The Queen of Katwe is based on the vibrant true story of a young girl from the streets of rural Uganda whose world rapidly changes when she is introduced to the game of chess, and, as a result of the support she receives from her family and community, is instilled with the confidence and determination she needs to pursue her dream of becoming an international chess champion.
For 10-year-old Phiona Mutesi (Nalwanga) and her family, life in the impoverished slum of Katwe in Kampala, Uganda, is a constant struggle. Her mother, Harriet (Nyong’o), is fiercely determined to take care of her family and works tirelessly selling vegetables in the market to make sure her children are fed and have a roof over their heads.
When Phiona meets Robert Katende (Oyelowo), a soccer player turned missionary who teaches local children chess, she is captivated. Chess requires a good deal of concentration, strategic thinking and risk taking, all skills which are applicable in everyday life, and Katende hopes to empower youth with the game.
Phiona is impressed by the intelligence and wit the game requires and immediately shows potential. Recognizing Phiona’s natural aptitude for chess and the fighting spirit she’s inherited from her mother, Katende begins to mentor her, but Harriet is reluctant to provide any encouragement, not wanting to see her daughter disappointed.
As Phiona begins to succeed in local chess competitions, Katende teaches her to read and write in order to pursue schooling. She quickly advances through the ranks in tournaments, but breaks away from her family to focus on her own life.
Her mother eventually realizes that Phiona has a chance to excel and teams up with Katende to help her fulfill her extraordinary potential, escape a life of poverty and save her family.

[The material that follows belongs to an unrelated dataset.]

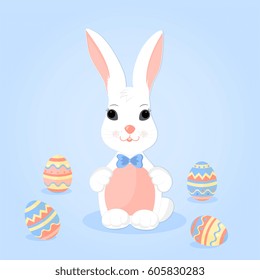 Easter Bunny with pink ears in a blue bow and paschal eggs.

Disney’s Queen of Katwe will open in U.S. theaters on September 23, 2016.
Elliott Neff of Chess4Life shares, “Here’s a girl who had nothing… who came to a chess club because there was food and within a few years was the women’s chess champ of Uganda. The reason she accomplished this dream is that she focused not on her limited resources but her potential, gaining confidence and determination along the way.”
Elliott spent four days in Uganda in the last week of August to coach Queen of Katwe Phiona Mutesi and the Ugandan Women’s Olympiad Team for the World Chess Olympiad currently ongoing from September 1-14.